Dalam penerapan manajemen risiko, khususnya risiko reputasi bagi bank syariah, baik secara individual maupun bagi bank secara konsolidasi dengan perusahaan anak paling tidak mencakup hal-hal sebagai berikut yaitu
- Pengawasan aktif dewan komisaris, direksi, dan DPS,
- Kebijakan, prosedur, dan penetapan limit
- Proses identifikasi, pengukuran, pemantauan, dan pengendalian risiko serta SIM risiko
Dalam pengelolaan risiko reputasi bank syariah, ada hal yang perlu diperhatikan, yaitu:
- Optimalkan unit pengaduan nasabah. Setiap pengaduan nasabah harus segera ditindak lanjuti, jangan sampai karena tidak direspon bank, nasabah mengadu ke pihak lain misalnya ke media massa.
- Optimalisasi peran Public Relation (PR). Peran PR adalah untuk merancang dan mengorganisir strategi komunikasi yang berisi pesan-pesan yang tepat untuk audience, untuk menjaga reputasi dan meminimalisir risiko reputasi.
- Menjunjung tinggi kaidah syariah. Penerapan kaidah syariah tidak hanya pada produk dan layanan, tetapi juga pada perilaku (attitude) Sumber Daya Manusia (SDM) bank syariah.

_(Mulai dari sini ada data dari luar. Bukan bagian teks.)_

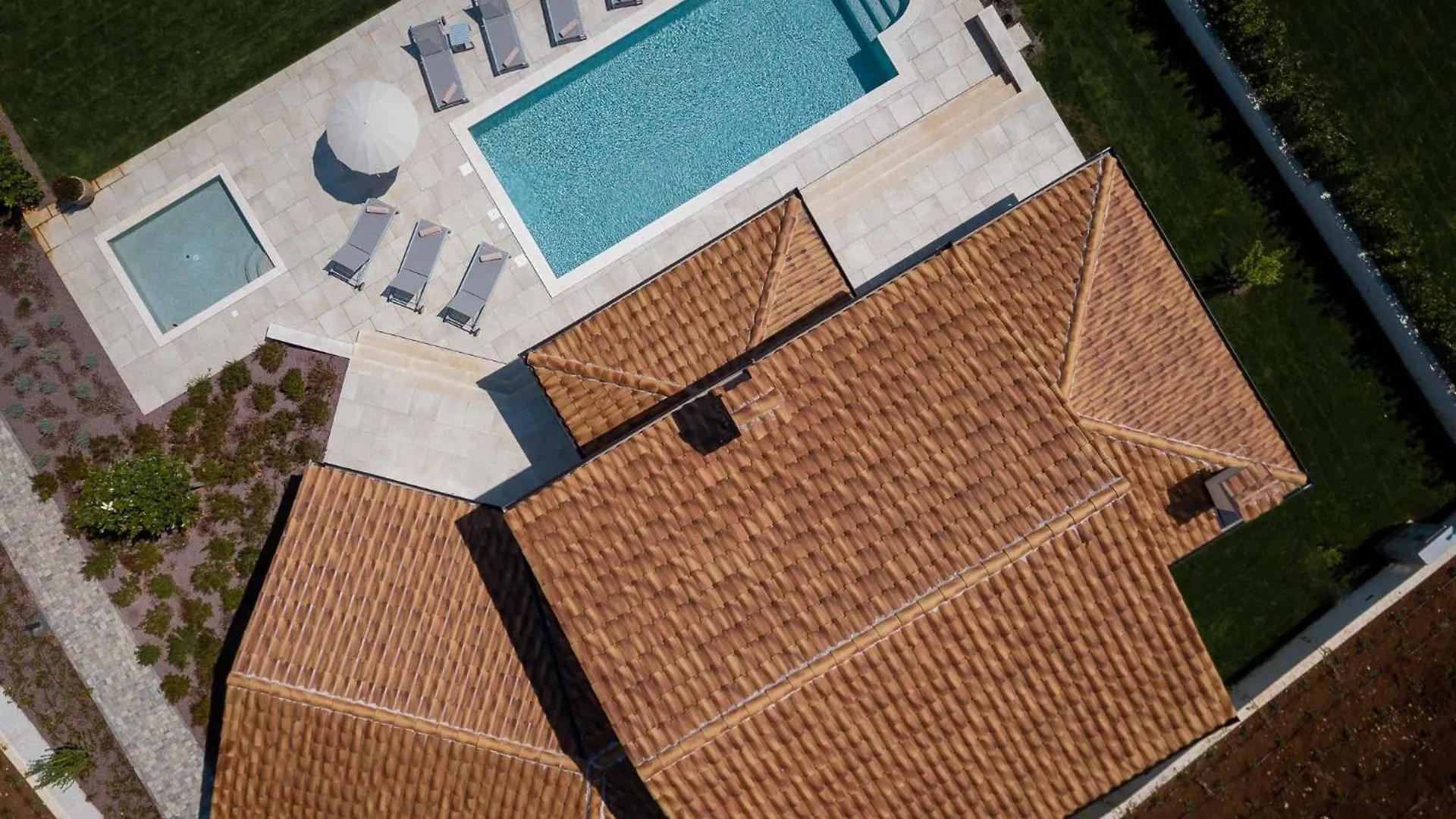 Mirana Luxury Villas Kavran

- Diperlukan penerapan prinsip Good Corporate Governance dengan optimal, yaitu keadilan, transparansi, akuntabilitas, dan responsibilitas. Penerapan GCG akan melengkapi prinsip kehati-hatian (prudential banking), termasuk pemenuhan kaidah-kaidah syariah (sharia principle) yang berorientasi pada fatwa-fatwa Majelis Ulama (MUI).
- Kemudian SDM bank syariah sebagai penggerak mesin bank syariah juga harus memiliki profesionalisme dan integritas yang tinggi, dengan melaksanakan budaya kerja dan kode etiknya (code of conduct).
- SDM syariah juga ikut mengawal kesyariahan bank syariah dengan memiliki pemahaman dan pengetahuan yang baik di bidang perbankan syariah. Manajemen reputasi harus diterapkan bank syariah baik pada
Risiko reputasi terjadi akibat menurunnya tingkat kepercayaan pemangku kepentingan yang bersumber dari persepsi negatif terhadap bank. Adapun cara pengendalian risiko reputasi yang terbaik adalah dengan melakukan program antisipasi/preventive action dan program pemeliharaan reputasi.